#### [Provided information]

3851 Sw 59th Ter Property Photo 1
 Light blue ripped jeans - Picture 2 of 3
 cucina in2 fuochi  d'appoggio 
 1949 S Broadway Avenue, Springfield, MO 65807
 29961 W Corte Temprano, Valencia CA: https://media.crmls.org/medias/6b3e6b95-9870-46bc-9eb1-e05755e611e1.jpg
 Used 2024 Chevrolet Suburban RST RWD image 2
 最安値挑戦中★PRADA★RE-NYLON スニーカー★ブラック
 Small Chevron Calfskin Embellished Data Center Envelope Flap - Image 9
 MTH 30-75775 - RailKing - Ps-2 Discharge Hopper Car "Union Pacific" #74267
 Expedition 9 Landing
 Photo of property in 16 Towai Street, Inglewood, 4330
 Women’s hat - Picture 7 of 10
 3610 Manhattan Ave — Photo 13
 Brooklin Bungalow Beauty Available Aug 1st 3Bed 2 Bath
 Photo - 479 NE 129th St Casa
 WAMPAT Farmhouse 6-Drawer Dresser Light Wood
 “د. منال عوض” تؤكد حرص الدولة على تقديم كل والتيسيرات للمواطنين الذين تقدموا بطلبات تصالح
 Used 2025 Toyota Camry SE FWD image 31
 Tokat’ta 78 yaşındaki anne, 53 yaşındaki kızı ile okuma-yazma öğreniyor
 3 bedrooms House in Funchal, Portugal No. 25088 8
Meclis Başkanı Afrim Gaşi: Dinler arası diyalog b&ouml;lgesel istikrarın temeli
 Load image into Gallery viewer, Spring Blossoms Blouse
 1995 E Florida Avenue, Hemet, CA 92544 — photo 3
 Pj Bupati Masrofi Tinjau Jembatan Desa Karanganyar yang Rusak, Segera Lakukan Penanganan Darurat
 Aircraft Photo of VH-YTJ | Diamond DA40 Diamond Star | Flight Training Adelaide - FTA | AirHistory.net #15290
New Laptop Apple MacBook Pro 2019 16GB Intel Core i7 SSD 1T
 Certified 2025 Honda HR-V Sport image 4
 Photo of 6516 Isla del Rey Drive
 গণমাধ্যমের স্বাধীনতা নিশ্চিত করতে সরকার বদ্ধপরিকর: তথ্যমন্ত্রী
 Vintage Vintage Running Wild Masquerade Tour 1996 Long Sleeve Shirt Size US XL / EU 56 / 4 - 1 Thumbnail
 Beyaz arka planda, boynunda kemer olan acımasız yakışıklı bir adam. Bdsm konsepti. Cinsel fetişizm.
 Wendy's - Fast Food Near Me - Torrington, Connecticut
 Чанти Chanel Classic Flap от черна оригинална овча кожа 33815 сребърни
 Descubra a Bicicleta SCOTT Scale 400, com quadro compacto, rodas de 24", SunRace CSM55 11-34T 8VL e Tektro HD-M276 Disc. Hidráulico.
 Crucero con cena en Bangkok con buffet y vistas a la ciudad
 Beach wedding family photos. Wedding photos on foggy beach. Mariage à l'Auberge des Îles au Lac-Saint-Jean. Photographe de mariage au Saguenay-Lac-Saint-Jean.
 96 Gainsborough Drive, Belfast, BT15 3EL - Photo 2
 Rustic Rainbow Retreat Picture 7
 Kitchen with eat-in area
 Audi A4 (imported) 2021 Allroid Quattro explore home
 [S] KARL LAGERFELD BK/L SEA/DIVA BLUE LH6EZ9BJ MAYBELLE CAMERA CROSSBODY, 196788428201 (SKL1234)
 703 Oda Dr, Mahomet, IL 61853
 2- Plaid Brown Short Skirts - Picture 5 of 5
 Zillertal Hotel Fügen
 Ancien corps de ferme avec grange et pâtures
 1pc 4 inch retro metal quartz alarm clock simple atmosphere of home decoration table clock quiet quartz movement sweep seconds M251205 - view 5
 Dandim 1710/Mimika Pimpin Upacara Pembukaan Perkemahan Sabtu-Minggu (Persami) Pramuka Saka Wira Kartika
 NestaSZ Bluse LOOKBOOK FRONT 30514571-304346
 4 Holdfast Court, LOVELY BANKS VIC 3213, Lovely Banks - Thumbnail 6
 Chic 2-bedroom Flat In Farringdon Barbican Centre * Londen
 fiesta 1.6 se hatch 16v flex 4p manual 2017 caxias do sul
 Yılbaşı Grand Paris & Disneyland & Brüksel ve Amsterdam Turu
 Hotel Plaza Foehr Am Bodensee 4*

#### [Your assignment]
Reply with nothing but the number of lines in the listing that include "Thumbnail".

#### [Problem solution]
2